## What the task asks
Restate exactly the lines that run from the start of the records below to the line containing "Isaac Mizrahi Live!", counting both ends, and nothing else; pictures stay out.
══════════════════════════════
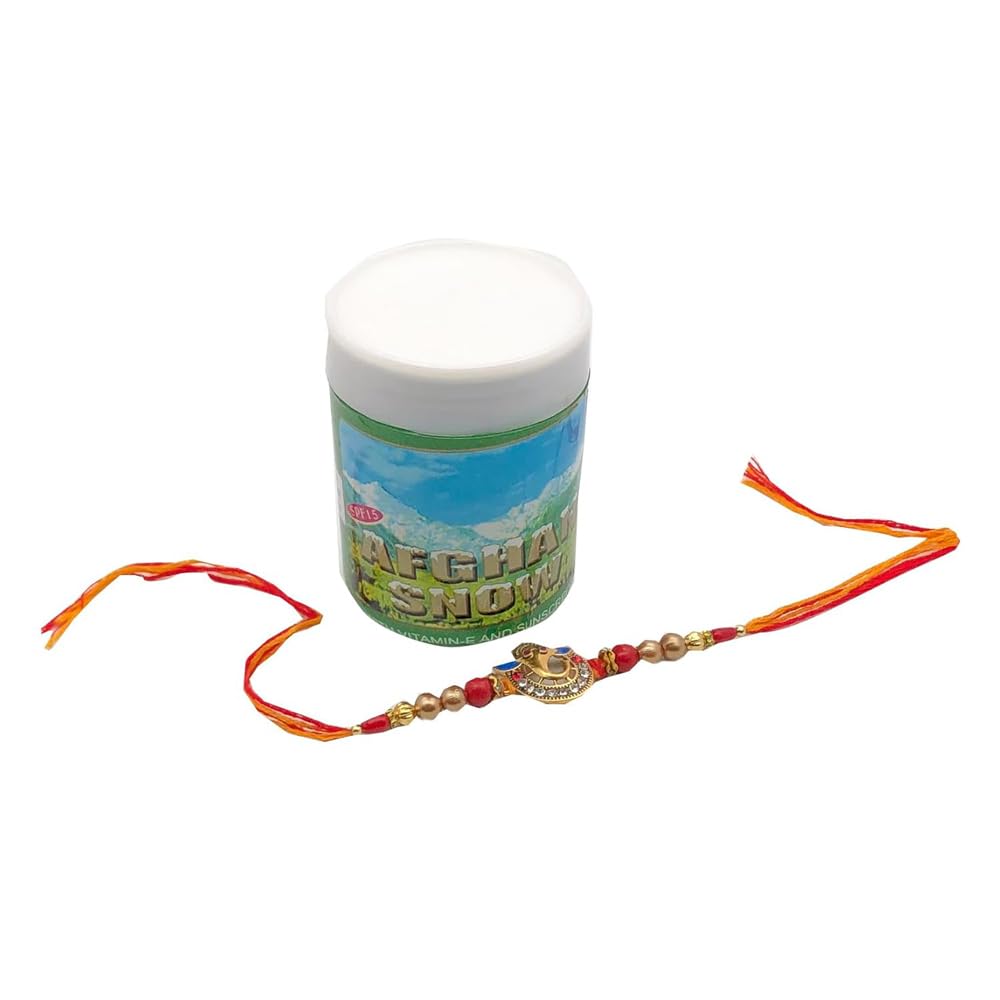 RSINC Afghan Snow Skin Cream (100g) –Smooth & Radiant Skin Free Rakhi | Deep Hydration for Smooth Skin Perfect for Soft, Glowing Skin with Free Rakhi
RSINC Afghan Snow Skin Cream (100g) –Smooth & Radiant Skin Free Rakhi | Deep Hydration for Smooth Skin Perfect for Soft, Glowing Skin with Free Rakhi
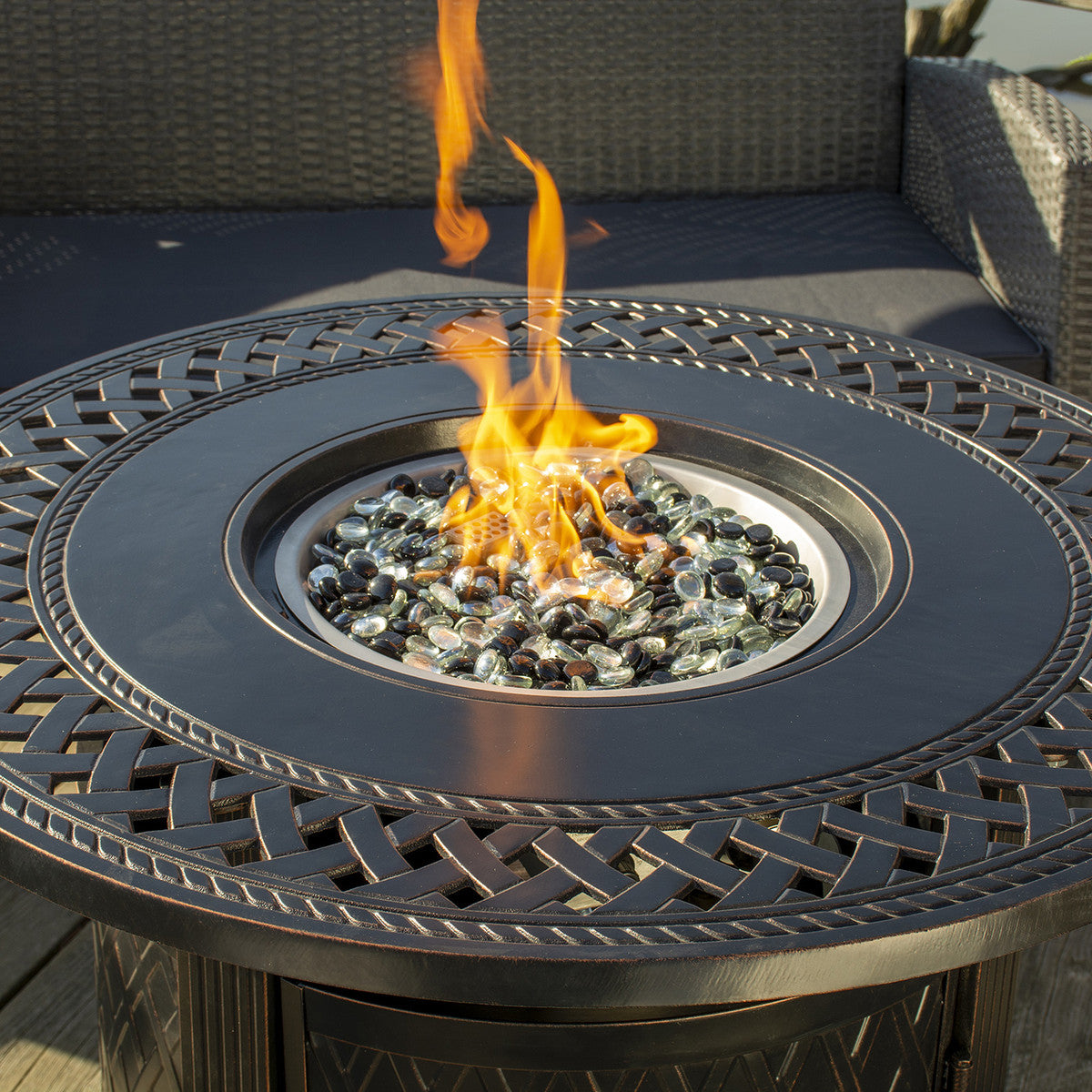 Paramount 33" Ben Aluminum Fire Table, Round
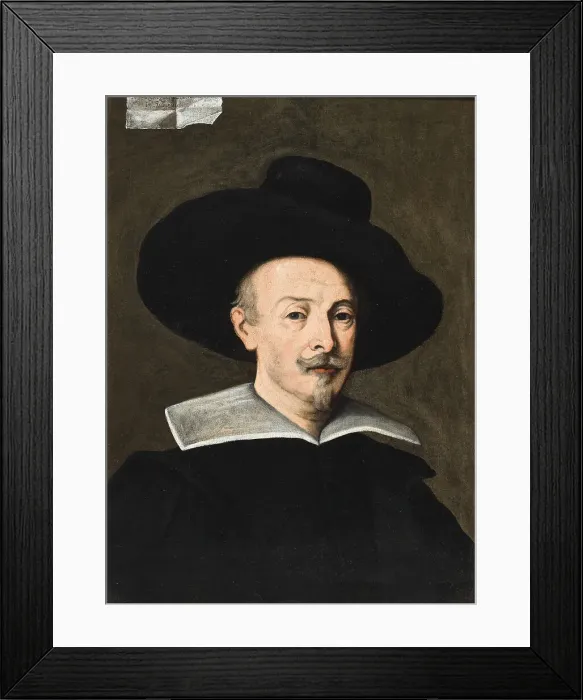 Framed Print : Portrait of the artist Guido Reni (1575-1642), First Half of 17th cen.. Creator: Anonymous Framed Print : Portrait of the artist Guido Reni (1575-1642), First Half of 17th cen.. Creator: Anonymous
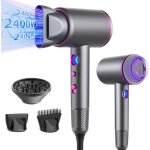 Sche - cheveux pro 2400w - x3 temp / vit + boucl & silencieux (voyage)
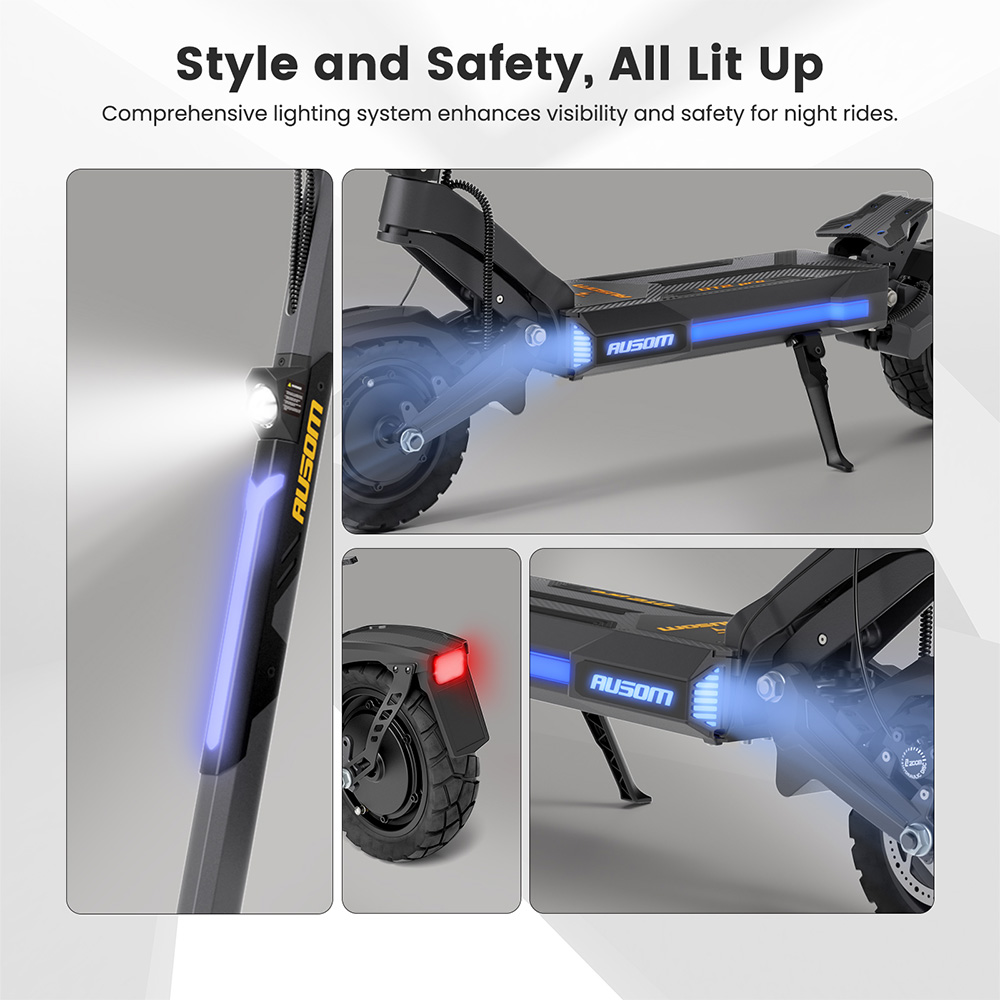 Ausom DT2 Pro UK Plug Black Electric Scooter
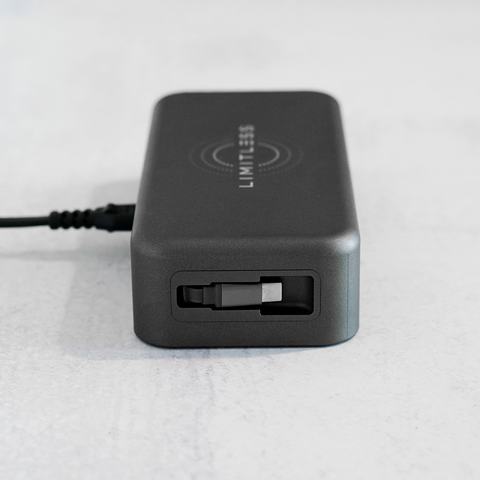 Desktop Wireless Charger with Retractable Cables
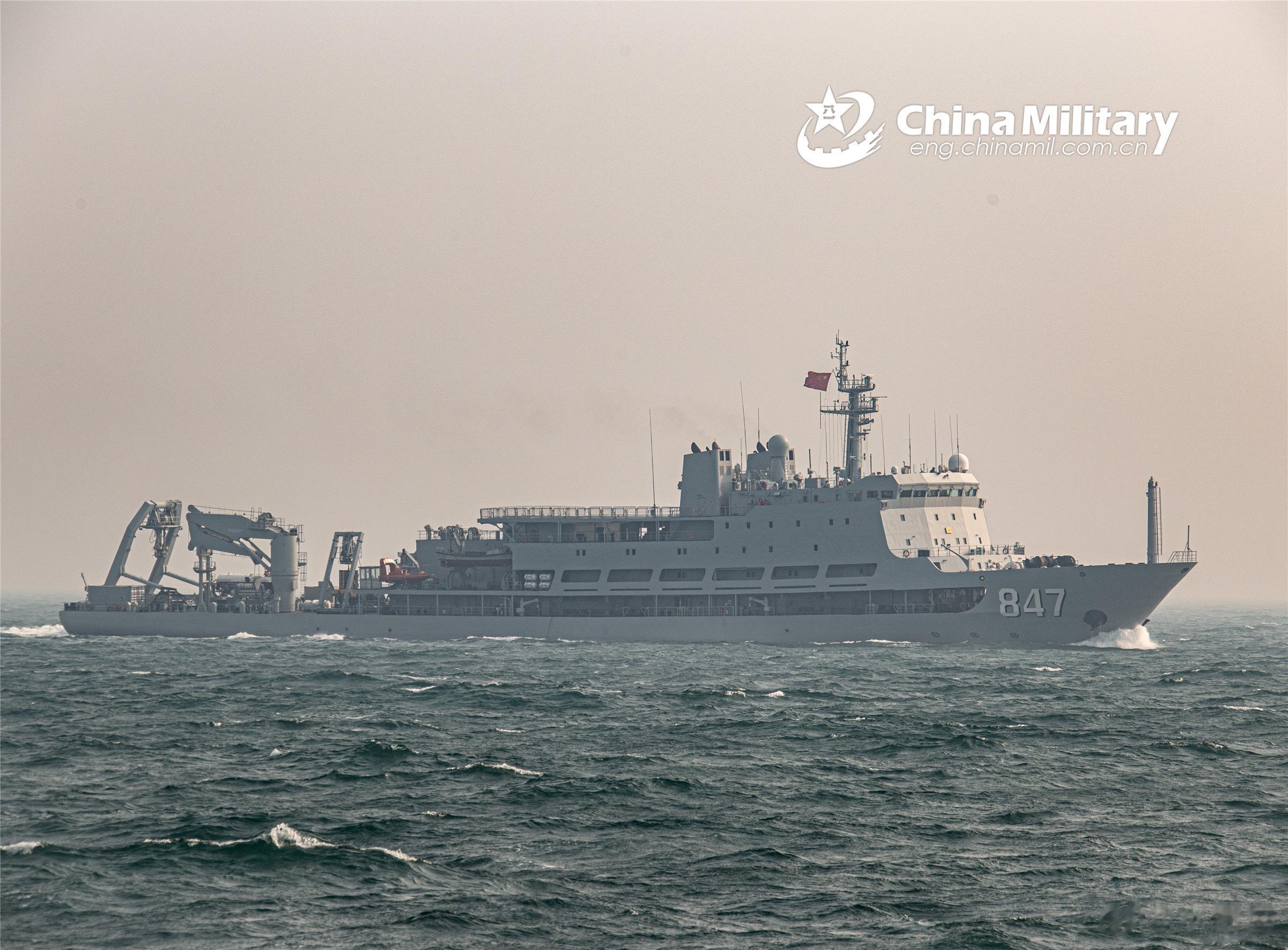 926型综合援潜救生船 847阳澄湖船，原867长岛船，现隶属于北部战区海军某防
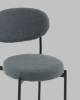 Стул полубарный Stool Group Бриф DD AV 477-F83-9005 (PP) темно-серый, букле фото 7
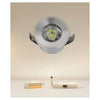 Faretto 1w Led Incasso A Soffitto Ip20 Argento Mini Spot Segnapassi Luce Naturale 00250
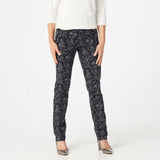 Isaac Mizrahi Live! Plus Tall 24/7 Stretch Damask Pants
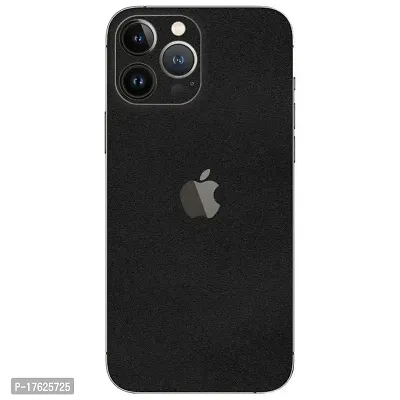 Shopymart Vinyl Mobile Skin Sticker Compatible with iPhone 13 Pro (Black Colour)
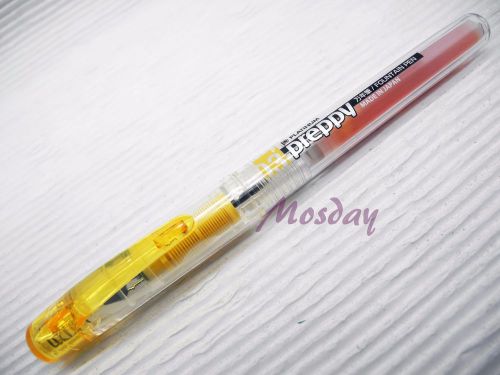 1 Pen Set Platinum Preppy SPN-100A Fountain Pen 0.3mm Fine Nib, YELLOW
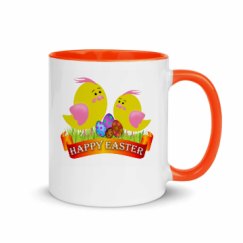 11oz Ceramic Mug with Color Inside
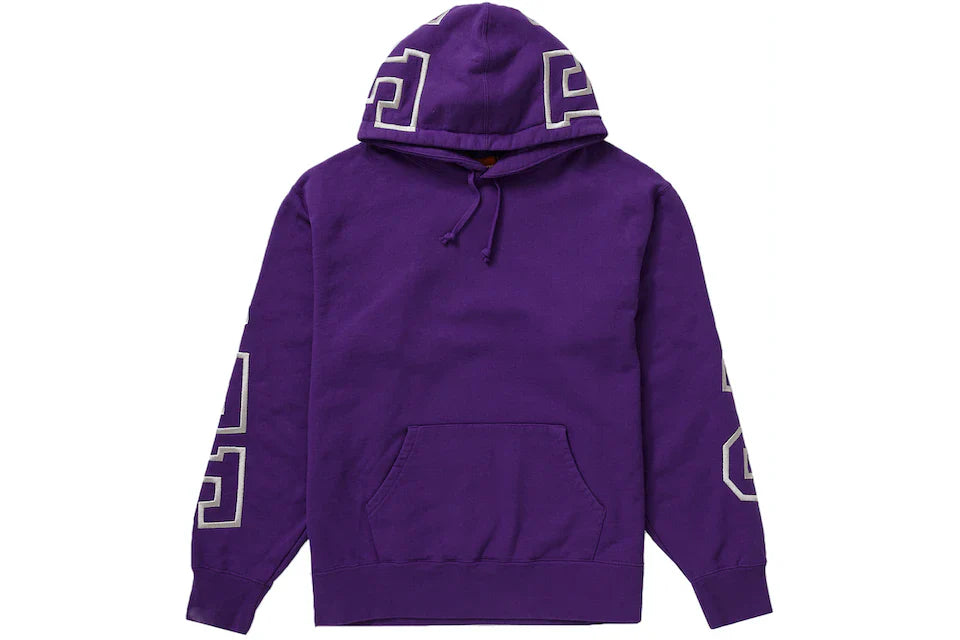 SUPREME STATE HOODIE PURPLE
══════════════════════════════
## Result of this exercise
 RSINC Afghan Snow Skin Cream (100g) –Smooth & Radiant Skin Free Rakhi | Deep Hydration for Smooth Skin Perfect for Soft, Glowing Skin with Free Rakhi
RSINC Afghan Snow Skin Cream (100g) –Smooth & Radiant Skin Free Rakhi | Deep Hydration for Smooth Skin Perfect for Soft, Glowing Skin with Free Rakhi
 Paramount 33" Ben Aluminum Fire Table, Round
 Framed Print : Portrait of the artist Guido Reni (1575-1642), First Half of 17th cen.. Creator: Anonymous Framed Print : Portrait of the artist Guido Reni (1575-1642), First Half of 17th cen.. Creator: Anonymous
 Sche - cheveux pro 2400w - x3 temp / vit + boucl & silencieux (voyage)
 Ausom DT2 Pro UK Plug Black Electric Scooter
 Desktop Wireless Charger with Retractable Cables
 926型综合援潜救生船 847阳澄湖船，原867长岛船，现隶属于北部战区海军某防
 Стул полубарный Stool Group Бриф DD AV 477-F83-9005 (PP) темно-серый, букле фото 7
 Faretto 1w Led Incasso A Soffitto Ip20 Argento Mini Spot Segnapassi Luce Naturale 00250
 Isaac Mizrahi Live! Plus Tall 24/7 Stretch Damask Pants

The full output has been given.